● **Task item**
Write out the data again exactly, skipping every picture.

● **Dataset excerpt**
——

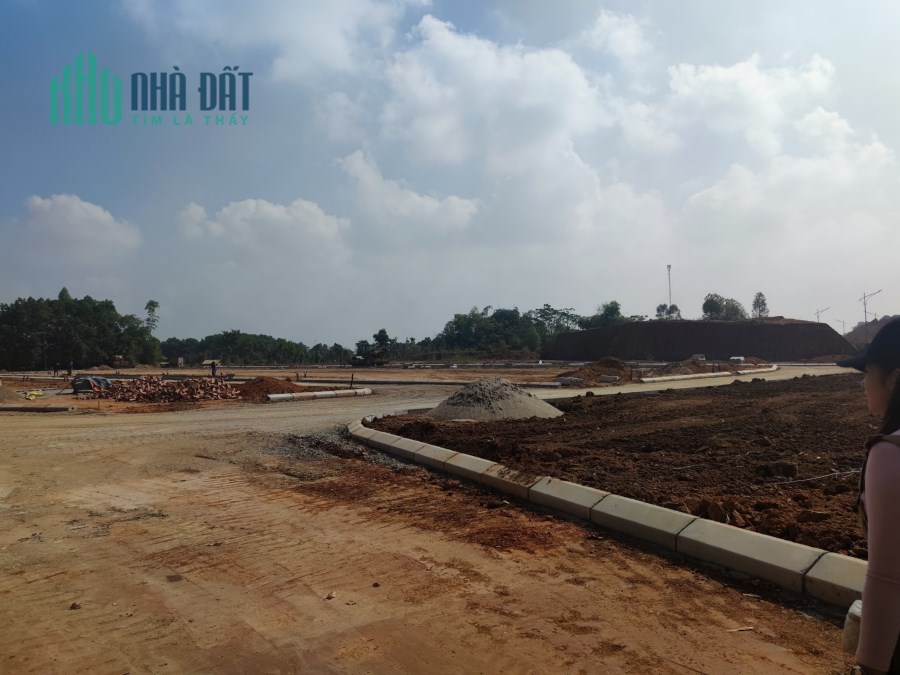 900TR có ngay đất nền thị trấn Hưng Hóa, huyện Tam Nông, Phú Thọ sẵn sổ đỏ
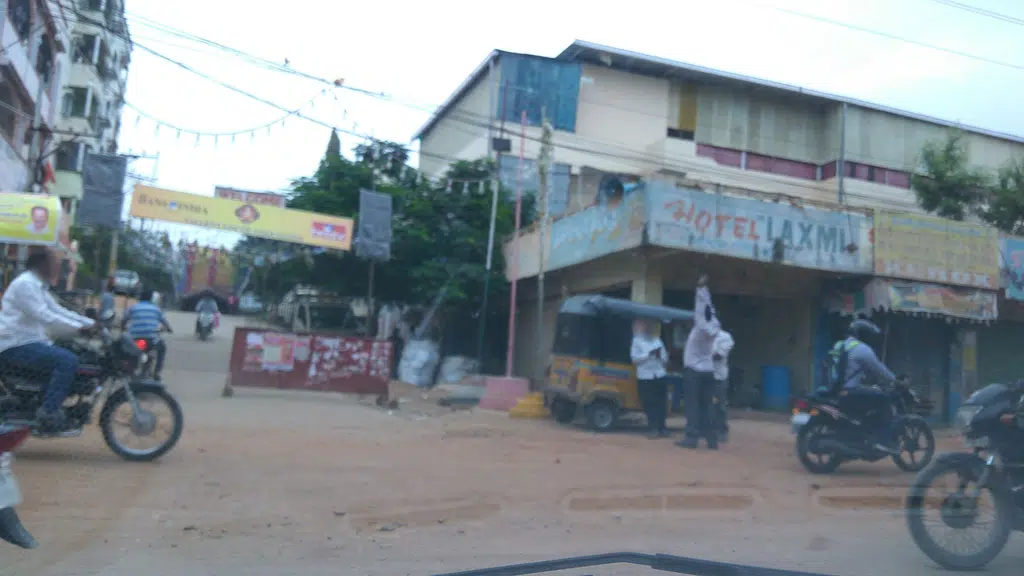 Sri Bhoomika Ladies Emporium and Beauty Parlour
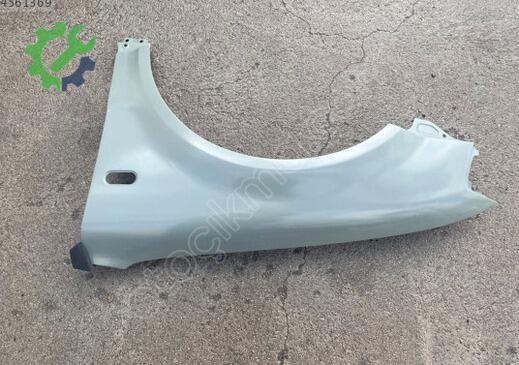 Audi A3 Sağ Ön Çamurluk 8V0821106C çıkma parça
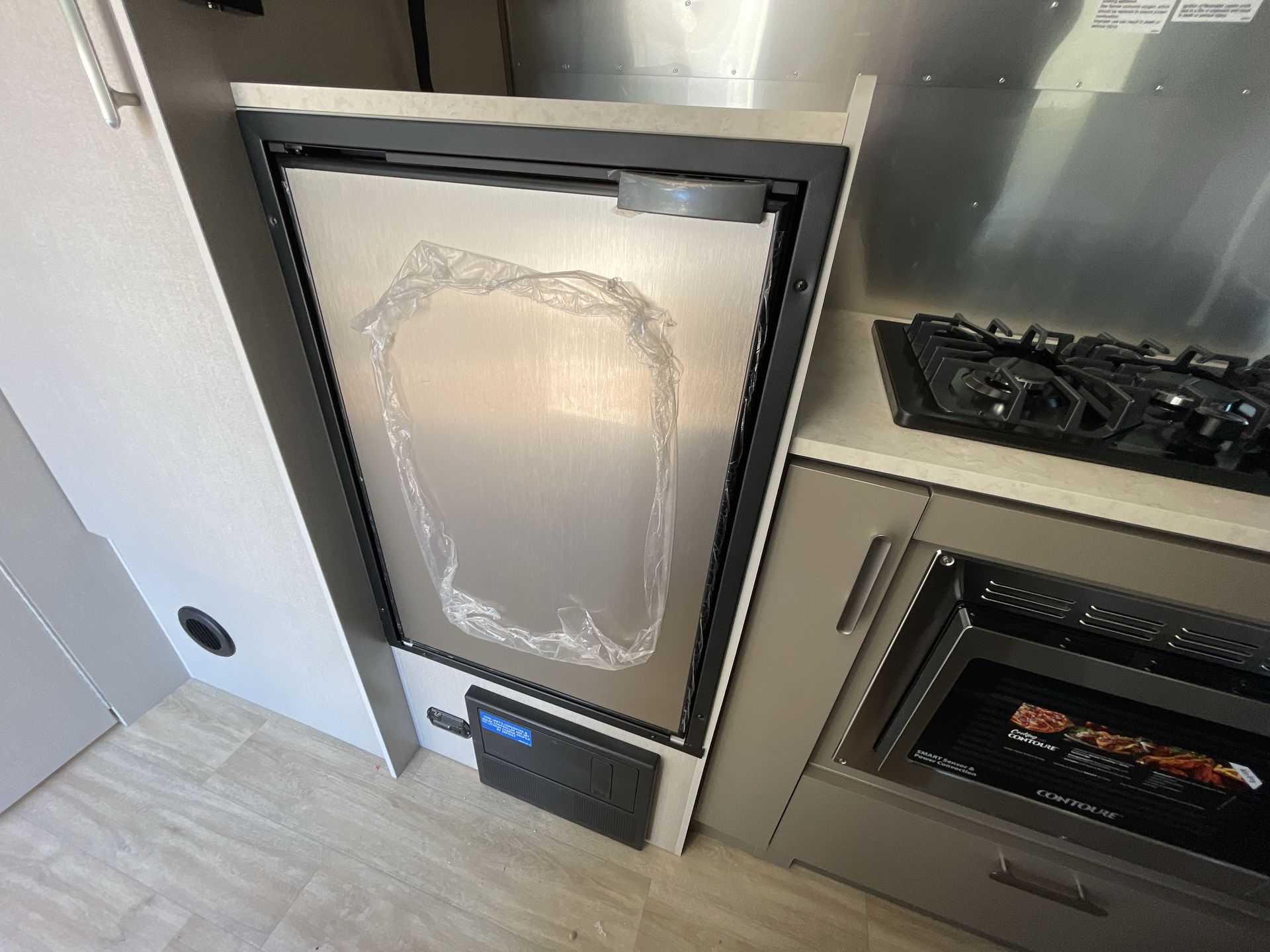 2026 Airstream 22FB Base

——

● **Output of the exercise**
 900TR có ngay đất nền thị trấn Hưng Hóa, huyện Tam Nông, Phú Thọ sẵn sổ đỏ
 Sri Bhoomika Ladies Emporium and Beauty Parlour
 Audi A3 Sağ Ön Çamurluk 8V0821106C çıkma parça
 2026 Airstream 22FB Base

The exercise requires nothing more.